[Image-text web data]
+ + +

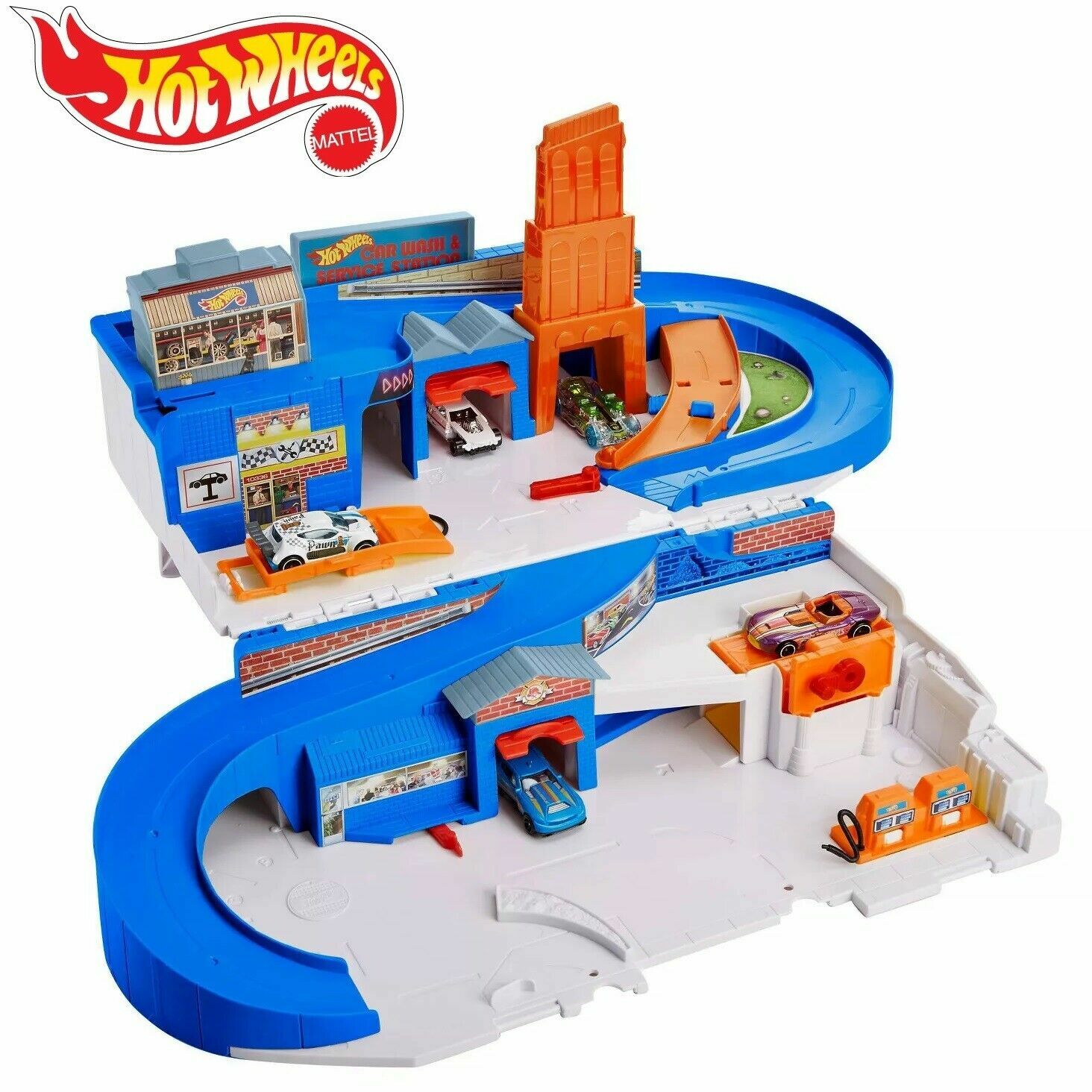 hot wheels throwback sto and go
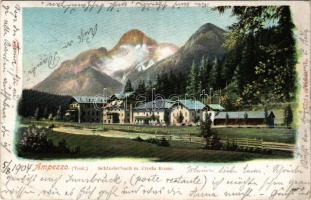 1904 Carbonin, Schluderbach (Toblach, Südtirol); Croda Rossa. L. Fränzl, Loius Glaser / hotel (EB)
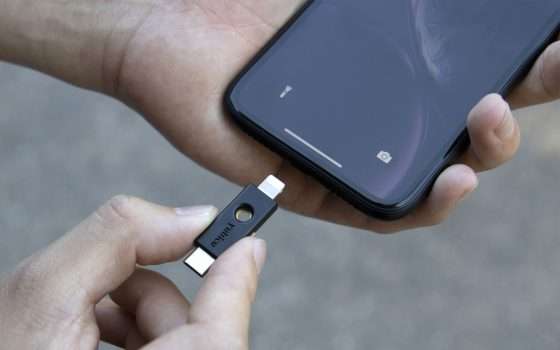 YubiKey 5Ci, la Security Key per USB-C e Lightning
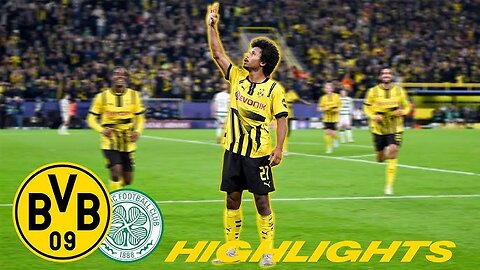 7-1! Adeyemi scores three, Guirassy twice | BVB - Celtic | Highlights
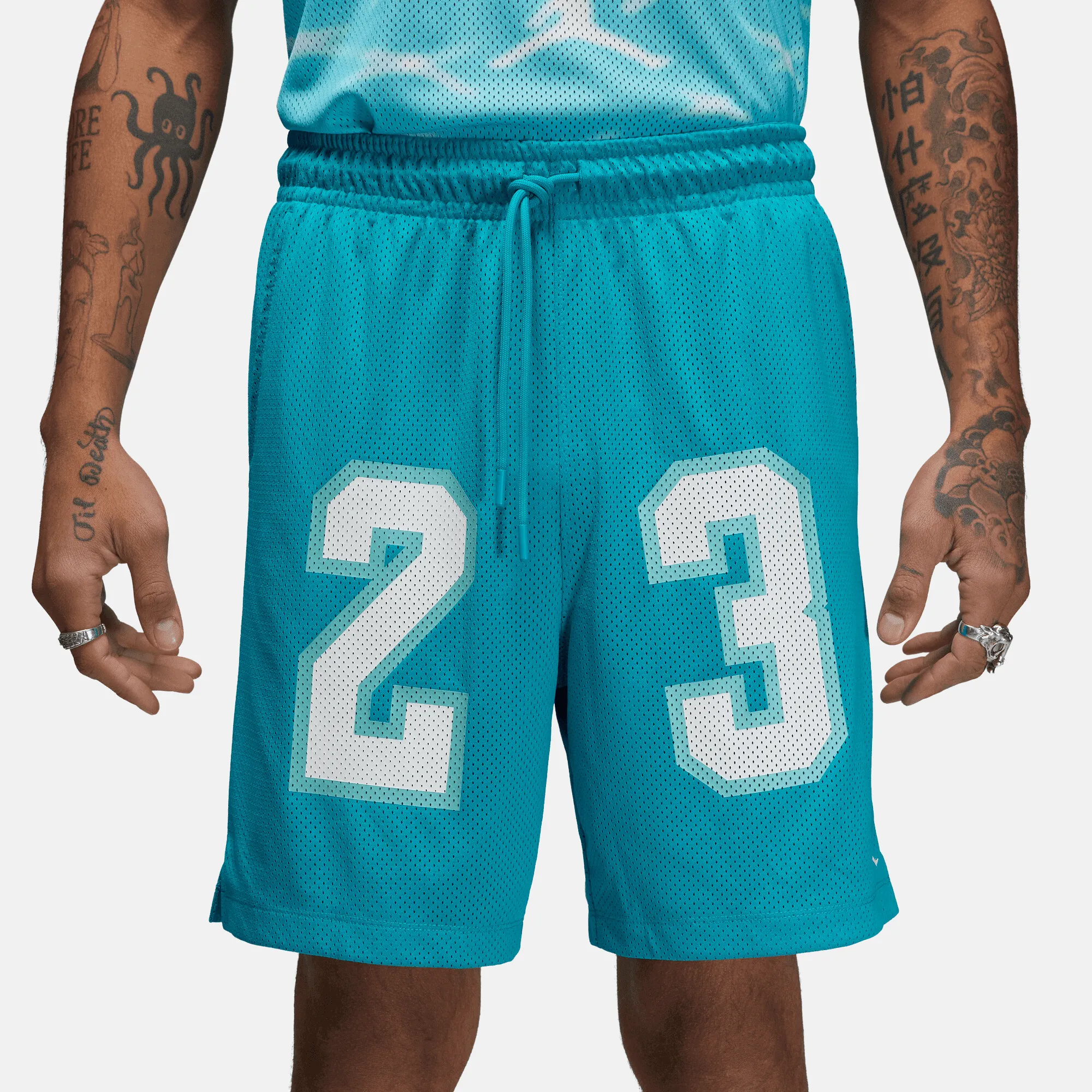 Air Jordan Essentials Blue Graphic Mesh Shorts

+ + +

Task details: Would you transcribe all of the entries above exactly, minus the images?

The answer:
 hot wheels throwback sto and go
 1904 Carbonin, Schluderbach (Toblach, Südtirol); Croda Rossa. L. Fränzl, Loius Glaser / hotel (EB)
 YubiKey 5Ci, la Security Key per USB-C e Lightning
 7-1! Adeyemi scores three, Guirassy twice | BVB - Celtic | Highlights
 Air Jordan Essentials Blue Graphic Mesh Shorts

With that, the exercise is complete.